‘Theory checking’: is unconditional free movement in the EU beneficial?

In recent times, there is no shortage of people who check data and figures used by politicians in their electoral pledges. In this post I would like to carry out some kind of ‘theory checking’ regarding certain economic claims of anti-European leaders. In many cases, these claims have been found to be utter non-sense in economic theory since the time of Adam Smith, who is not exactly the most recent student of economics. Let us take, for example, the opposition of Marine Le Pen, leader of the French National Front, to trade liberalisation and her ceaseless calls for an ‘intelligent protectionism’ behind national frontiers.

Now, it turns out that no such thing as ‘intelligent protectionism’ has ever existed beyond the confused fancies of its upholders. ‘It is the maxim of every prudent master of a family’, Adam Smith wrote almost 240 years ago, ‘never to attempt to make at home what it will cost him more to make than to buy. […] What is prudence in the conduct of every private family can scarce be folly in that of a great kingdom’. In fact, the argument for free trade between states parallels the argument for interpersonal exchange within a state. They both depend on individuals freely deciding whose products meet their preferences best and thus directing societal resources to their most effective use. Who can possibly make that decision better than them?

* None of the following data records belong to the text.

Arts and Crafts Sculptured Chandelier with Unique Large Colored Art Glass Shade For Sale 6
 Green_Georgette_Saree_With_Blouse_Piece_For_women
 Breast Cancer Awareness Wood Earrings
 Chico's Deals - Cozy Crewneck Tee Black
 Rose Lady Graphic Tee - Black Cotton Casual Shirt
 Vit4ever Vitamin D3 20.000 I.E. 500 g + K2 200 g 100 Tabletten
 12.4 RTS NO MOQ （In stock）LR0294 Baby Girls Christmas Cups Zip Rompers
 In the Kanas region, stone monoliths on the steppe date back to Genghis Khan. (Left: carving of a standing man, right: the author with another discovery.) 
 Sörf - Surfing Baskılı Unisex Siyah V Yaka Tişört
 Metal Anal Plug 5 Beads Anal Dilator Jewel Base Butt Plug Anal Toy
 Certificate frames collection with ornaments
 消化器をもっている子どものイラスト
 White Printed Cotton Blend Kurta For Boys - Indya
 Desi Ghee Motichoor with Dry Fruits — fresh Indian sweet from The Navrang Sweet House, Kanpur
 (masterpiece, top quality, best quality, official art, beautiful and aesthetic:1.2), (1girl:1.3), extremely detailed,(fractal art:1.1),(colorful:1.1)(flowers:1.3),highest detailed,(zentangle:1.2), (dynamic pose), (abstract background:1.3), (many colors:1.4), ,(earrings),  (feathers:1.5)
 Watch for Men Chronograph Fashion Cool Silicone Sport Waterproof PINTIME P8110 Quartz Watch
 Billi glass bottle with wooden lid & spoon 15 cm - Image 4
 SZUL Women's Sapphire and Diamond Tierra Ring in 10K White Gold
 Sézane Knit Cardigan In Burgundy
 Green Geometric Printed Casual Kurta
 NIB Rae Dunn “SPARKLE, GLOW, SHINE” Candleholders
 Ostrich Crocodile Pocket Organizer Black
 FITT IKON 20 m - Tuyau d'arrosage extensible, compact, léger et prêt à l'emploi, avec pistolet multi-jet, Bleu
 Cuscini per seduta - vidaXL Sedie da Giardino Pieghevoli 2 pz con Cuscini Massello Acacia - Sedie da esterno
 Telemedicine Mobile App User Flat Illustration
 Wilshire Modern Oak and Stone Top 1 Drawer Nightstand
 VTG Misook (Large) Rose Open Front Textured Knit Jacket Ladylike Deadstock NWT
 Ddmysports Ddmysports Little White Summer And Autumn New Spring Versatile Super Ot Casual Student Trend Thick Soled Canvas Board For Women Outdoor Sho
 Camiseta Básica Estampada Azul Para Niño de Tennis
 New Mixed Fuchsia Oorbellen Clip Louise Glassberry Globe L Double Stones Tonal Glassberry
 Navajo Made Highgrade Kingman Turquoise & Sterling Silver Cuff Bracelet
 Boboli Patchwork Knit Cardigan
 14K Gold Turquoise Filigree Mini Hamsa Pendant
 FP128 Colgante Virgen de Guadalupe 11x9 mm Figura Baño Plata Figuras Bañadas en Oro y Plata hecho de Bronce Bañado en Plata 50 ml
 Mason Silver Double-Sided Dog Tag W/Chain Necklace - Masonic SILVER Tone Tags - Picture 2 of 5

Equally puzzling is the opposition of Eurosceptics to the free movement of persons within the European single market. It gets particularly entertaining when put forward by people who like to brand themselves as ‘classical liberals’, such as UKIP leader Nigel Farage. The dreams of this valiant orator seem to be haunted by hordes of Bulgarians and Romanians on the verge of invading the UK. Here again, the facts are known and there is no need to recap them (http://bit.ly/SAbLO1). The theory is more interesting. Labour is a factor of production, so there is a market for it. The bigger this market is, the higher the chances will be of an effective match between the demand and supply of labour. Within the European single market, the most effective match is sometimes likely to imply the utilisation of cheap labour, for example from new member countries, whose wages are still significantly lower than in Western Europe.

Why shouldn’t entrepreneurs buy from ‘foreigners’ what it would cost them more to buy from nationals, Adam Smith would ask? Because by pursuing their own economic profit, someone may answer, they will depress national wages and destroy national jobs. However, that’s not what economic theory predicts. If production costs decrease thanks to cheap labour, in the medium run prices in the affected industries will tend to fall relative to other prices, thus increasing people’s purchasing power and effective demand. This is likely to create new jobs, not destroy them, and to bring about a more effective use of societal resources. We can expect society at large to be better off, not worse off. It must be stressed that it is the entrepreneurial lure of profit that tends to bring prices down and make them converge towards the marginal costs of firms. Therefore, if competition is absent or insufficient in national markets, there is no way in which this virtuous spiral can be triggered. This conclusion is quite significant: the initial argument against the free movement of persons becomes an argument for more competitive national markets.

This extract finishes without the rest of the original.